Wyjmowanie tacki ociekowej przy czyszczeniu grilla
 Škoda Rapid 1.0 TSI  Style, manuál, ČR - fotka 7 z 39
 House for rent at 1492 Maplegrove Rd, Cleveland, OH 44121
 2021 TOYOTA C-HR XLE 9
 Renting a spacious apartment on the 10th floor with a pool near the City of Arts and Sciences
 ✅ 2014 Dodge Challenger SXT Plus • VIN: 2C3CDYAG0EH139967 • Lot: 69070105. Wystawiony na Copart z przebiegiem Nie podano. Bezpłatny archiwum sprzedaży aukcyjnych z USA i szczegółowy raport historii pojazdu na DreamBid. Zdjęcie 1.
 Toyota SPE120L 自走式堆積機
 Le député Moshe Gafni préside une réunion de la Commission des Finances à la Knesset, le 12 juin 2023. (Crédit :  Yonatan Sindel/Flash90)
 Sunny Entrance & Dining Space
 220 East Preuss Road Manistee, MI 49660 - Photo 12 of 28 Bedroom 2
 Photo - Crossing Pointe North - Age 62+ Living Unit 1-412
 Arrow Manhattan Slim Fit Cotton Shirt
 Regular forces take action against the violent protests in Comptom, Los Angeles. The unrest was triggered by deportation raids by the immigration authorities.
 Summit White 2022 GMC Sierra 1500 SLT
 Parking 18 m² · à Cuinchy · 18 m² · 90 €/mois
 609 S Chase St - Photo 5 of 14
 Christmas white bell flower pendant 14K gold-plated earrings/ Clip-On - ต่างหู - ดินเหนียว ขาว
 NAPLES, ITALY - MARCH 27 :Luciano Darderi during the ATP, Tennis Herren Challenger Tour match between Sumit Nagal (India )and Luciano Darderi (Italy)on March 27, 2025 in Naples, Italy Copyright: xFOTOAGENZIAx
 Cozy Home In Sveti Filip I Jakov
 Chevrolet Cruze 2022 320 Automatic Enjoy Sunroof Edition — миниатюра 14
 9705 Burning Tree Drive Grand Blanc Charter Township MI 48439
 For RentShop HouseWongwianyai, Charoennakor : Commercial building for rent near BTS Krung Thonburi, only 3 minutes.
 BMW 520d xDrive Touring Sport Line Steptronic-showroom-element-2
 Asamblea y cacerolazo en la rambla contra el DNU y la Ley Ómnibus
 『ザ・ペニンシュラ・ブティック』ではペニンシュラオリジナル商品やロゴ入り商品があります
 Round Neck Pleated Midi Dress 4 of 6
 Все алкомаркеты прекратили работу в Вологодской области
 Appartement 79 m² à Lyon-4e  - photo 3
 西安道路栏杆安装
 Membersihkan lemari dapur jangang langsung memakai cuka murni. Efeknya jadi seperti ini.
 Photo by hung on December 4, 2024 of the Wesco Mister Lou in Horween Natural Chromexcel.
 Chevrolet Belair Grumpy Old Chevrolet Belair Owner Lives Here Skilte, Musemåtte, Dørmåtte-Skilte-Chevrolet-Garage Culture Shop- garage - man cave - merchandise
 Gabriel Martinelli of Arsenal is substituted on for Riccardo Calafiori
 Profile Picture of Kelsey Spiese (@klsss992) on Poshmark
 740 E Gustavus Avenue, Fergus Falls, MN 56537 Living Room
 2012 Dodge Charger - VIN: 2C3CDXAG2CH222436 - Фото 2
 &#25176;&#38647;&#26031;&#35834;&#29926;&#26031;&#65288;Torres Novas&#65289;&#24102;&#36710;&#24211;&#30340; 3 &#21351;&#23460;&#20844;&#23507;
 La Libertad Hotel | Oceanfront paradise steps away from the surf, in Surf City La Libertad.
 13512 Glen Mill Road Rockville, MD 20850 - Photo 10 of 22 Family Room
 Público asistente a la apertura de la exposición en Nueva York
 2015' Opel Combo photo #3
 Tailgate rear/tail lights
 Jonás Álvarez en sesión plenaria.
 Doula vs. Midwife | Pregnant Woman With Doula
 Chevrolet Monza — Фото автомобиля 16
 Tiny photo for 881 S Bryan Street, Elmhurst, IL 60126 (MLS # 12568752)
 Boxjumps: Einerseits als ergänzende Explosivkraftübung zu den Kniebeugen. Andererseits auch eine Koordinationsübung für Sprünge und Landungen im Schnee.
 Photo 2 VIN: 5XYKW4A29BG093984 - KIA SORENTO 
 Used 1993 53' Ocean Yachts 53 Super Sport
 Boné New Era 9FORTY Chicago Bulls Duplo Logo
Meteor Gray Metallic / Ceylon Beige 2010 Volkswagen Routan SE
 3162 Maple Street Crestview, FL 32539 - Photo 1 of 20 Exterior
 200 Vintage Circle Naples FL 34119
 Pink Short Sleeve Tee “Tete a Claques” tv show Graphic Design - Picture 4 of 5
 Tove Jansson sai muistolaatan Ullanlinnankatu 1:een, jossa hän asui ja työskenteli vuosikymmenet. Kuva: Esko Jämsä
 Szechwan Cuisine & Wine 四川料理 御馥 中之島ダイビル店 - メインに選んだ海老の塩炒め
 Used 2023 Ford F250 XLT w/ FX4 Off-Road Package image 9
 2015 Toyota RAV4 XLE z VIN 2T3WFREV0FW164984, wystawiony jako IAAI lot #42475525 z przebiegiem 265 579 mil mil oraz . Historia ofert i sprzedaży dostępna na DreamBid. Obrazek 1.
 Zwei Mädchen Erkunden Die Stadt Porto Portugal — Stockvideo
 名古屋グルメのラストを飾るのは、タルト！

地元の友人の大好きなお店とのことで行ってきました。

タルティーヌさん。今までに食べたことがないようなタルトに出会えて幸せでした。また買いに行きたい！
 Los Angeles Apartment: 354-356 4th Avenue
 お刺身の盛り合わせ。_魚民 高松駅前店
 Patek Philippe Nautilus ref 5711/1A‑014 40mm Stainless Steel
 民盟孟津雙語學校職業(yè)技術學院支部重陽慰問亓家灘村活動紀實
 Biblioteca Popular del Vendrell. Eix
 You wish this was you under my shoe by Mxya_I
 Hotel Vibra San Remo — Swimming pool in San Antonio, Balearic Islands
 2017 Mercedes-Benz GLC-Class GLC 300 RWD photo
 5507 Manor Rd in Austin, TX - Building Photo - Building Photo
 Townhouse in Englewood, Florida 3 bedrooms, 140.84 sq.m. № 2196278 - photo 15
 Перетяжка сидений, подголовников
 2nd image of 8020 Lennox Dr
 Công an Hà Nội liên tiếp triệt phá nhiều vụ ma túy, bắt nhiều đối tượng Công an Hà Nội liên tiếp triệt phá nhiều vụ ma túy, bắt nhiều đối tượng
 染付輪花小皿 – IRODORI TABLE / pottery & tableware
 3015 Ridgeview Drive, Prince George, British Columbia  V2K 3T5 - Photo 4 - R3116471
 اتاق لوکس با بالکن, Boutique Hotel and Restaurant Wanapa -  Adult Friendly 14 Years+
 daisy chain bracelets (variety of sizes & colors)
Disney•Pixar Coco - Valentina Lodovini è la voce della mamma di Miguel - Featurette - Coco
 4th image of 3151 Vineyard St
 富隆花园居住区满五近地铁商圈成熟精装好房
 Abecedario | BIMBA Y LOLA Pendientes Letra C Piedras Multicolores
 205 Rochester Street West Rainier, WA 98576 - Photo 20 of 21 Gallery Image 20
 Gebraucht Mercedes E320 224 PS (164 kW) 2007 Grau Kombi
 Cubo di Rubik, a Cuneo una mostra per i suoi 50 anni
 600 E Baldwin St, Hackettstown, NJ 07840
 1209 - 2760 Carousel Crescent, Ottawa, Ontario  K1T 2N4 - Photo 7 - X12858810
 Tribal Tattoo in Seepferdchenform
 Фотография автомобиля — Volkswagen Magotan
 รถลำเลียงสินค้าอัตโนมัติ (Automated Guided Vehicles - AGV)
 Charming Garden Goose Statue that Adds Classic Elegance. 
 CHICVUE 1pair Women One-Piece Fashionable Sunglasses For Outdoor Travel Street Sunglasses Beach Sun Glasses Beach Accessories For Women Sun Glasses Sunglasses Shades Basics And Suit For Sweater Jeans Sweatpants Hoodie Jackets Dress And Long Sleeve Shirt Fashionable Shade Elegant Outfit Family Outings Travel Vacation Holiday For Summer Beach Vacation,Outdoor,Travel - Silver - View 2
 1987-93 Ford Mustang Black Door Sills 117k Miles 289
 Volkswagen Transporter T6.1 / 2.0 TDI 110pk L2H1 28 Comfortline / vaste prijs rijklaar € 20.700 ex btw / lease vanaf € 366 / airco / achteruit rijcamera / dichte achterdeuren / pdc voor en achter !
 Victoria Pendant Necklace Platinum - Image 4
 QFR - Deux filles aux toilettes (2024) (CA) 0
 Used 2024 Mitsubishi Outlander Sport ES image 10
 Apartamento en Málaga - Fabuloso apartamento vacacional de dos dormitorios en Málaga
────────────────────────────────────────
Task to carry out. Find "Jonás Álvarez en sesión plenaria." in the entries above and copy that whole line exactly, then each line after it through the line that contains "Tiny photo for".

Response to the exercise.
 Jonás Álvarez en sesión plenaria.
 Doula vs. Midwife | Pregnant Woman With Doula
 Chevrolet Monza — Фото автомобиля 16
 Tiny photo for 881 S Bryan Street, Elmhurst, IL 60126 (MLS # 12568752)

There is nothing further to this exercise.